== Exercise prompt ==
Output the entries exactly. Start at the first line, finish with the line containing "Samsun'da AK Parti'nin", and omit the pictures.

Collection entries:
════════════════

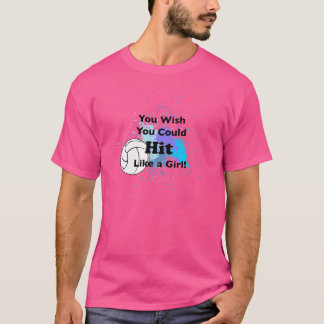 T-shirt Volleyball Vous Souhaitez Que Vous Puissiez Frappe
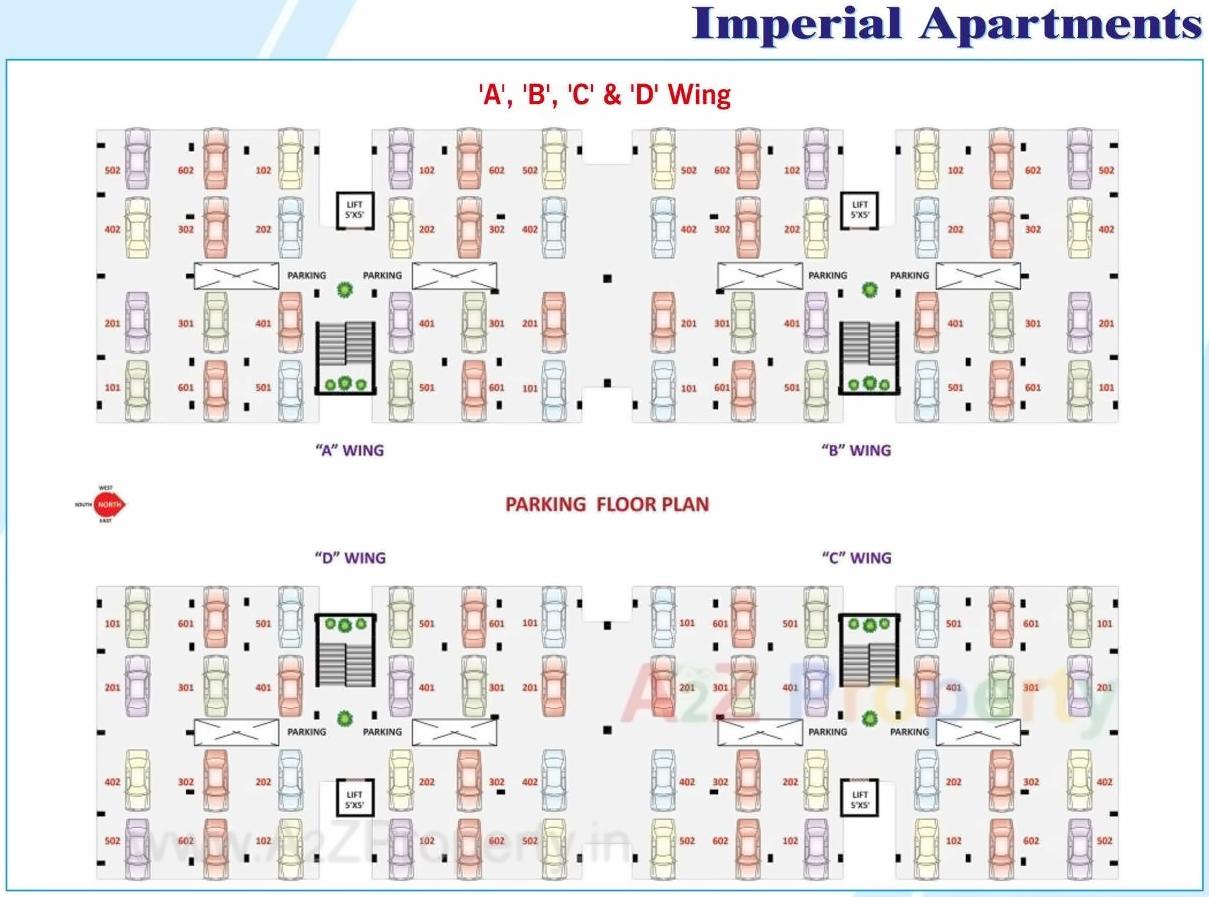 Layout of real estate project Imperial Meadows located at Nashik, Nashik, Maharashtra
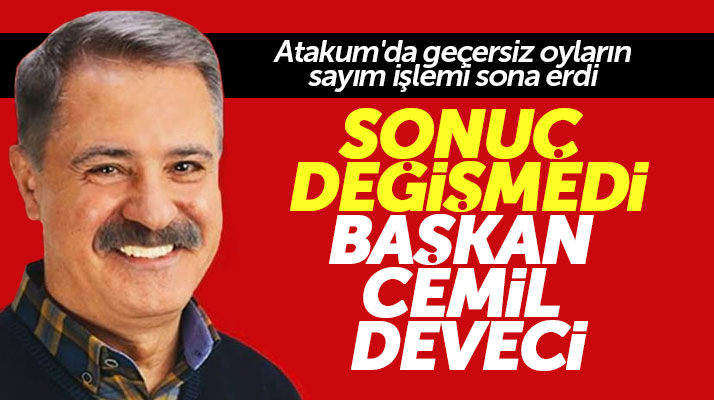 Samsun'da AK Parti'nin itirazı Atakum'da sonucu değiştirmedi! Başkan Cemil Deveci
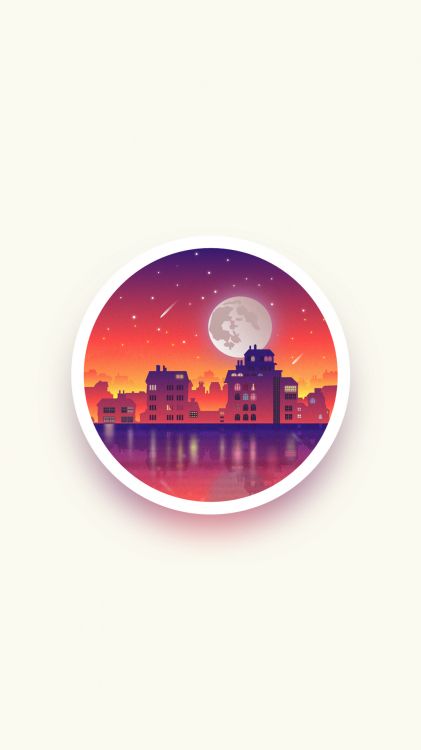 Orange, Gebäude, Kreis, Horizont, Astronomisches Objekt. Wallpaper in 1080x1920 Resolution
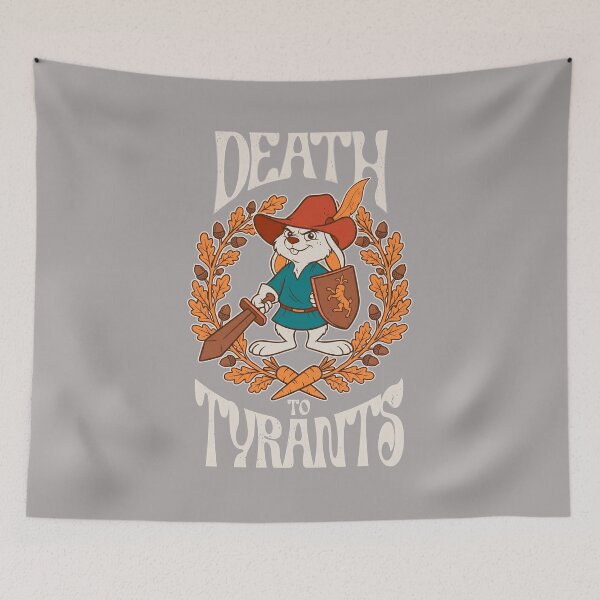 Item preview, Death to Tyrants Rabbit Vintage Style Shirt-54 designed and sold by ChadaSmiths.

════════════════

== Exercise answer ==
 T-shirt Volleyball Vous Souhaitez Que Vous Puissiez Frappe
 Layout of real estate project Imperial Meadows located at Nashik, Nashik, Maharashtra
 Samsun'da AK Parti'nin itirazı Atakum'da sonucu değiştirmedi! Başkan Cemil Deveci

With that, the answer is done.